▸ THE PROBLEM:
A faithful copy is required: transcribe each line below exactly, minus the pictures.

▸ THE DATA:
• • •

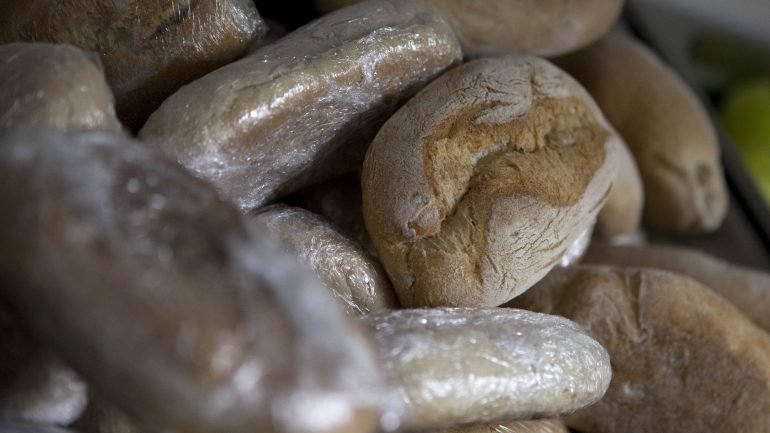 Para o estudo foram analisados pães de cinco padarias que serviam de controlo, tendo-se selecionado outras cinco para fazer uma intervenção com o propósito de reduzir ainda mais o sal na confeção, sem alterar outros elementos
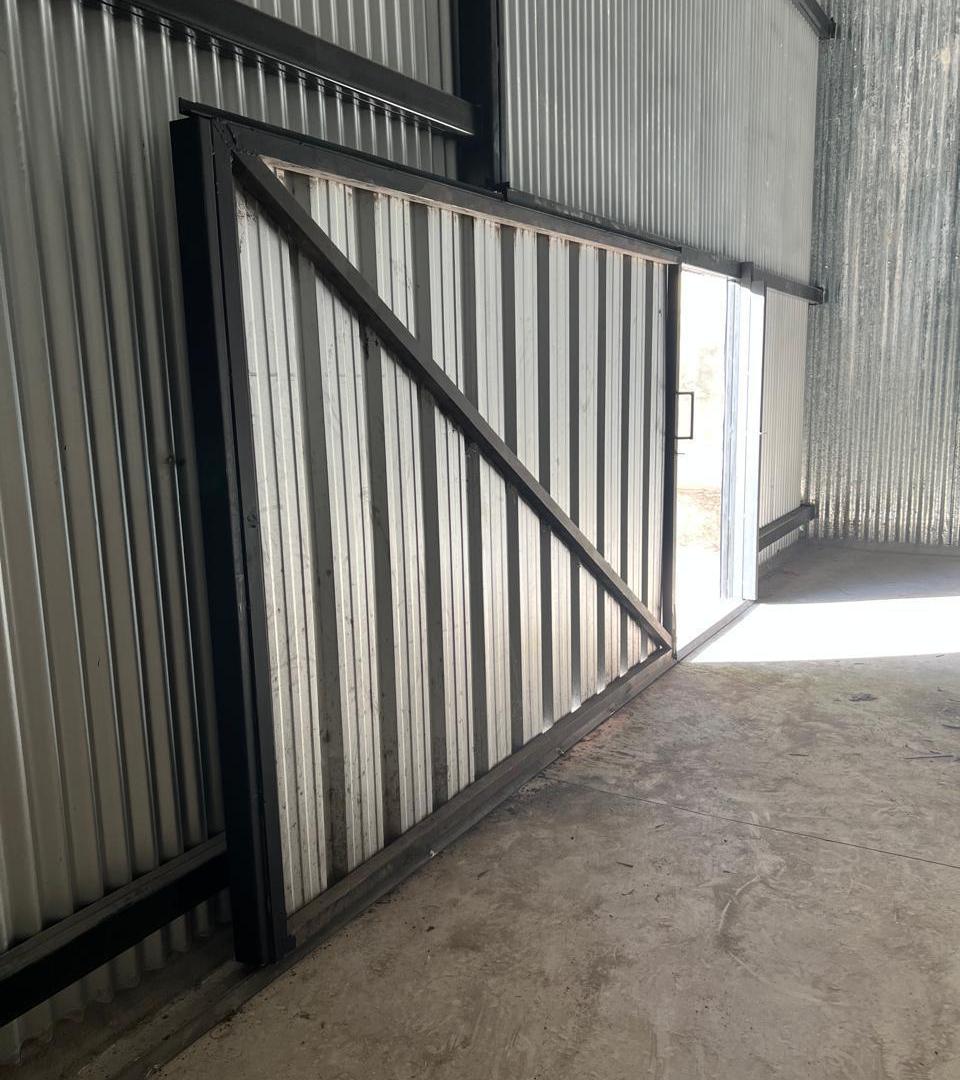 Foto de VENDO GALPON EN BV. LOS ALEMANES, CALLE TAMBURINI, CORDOBA, imagen 2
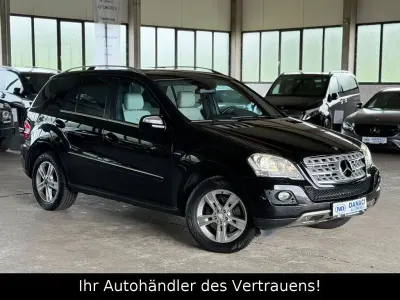 Gebraucht Mercedes ML350 211 PS (155 kW) 2009 Schwarz SUV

• • •

▸ WORKED SOLUTION:
 Para o estudo foram analisados pães de cinco padarias que serviam de controlo, tendo-se selecionado outras cinco para fazer uma intervenção com o propósito de reduzir ainda mais o sal na confeção, sem alterar outros elementos
 Foto de VENDO GALPON EN BV. LOS ALEMANES, CALLE TAMBURINI, CORDOBA, imagen 2
 Gebraucht Mercedes ML350 211 PS (155 kW) 2009 Schwarz SUV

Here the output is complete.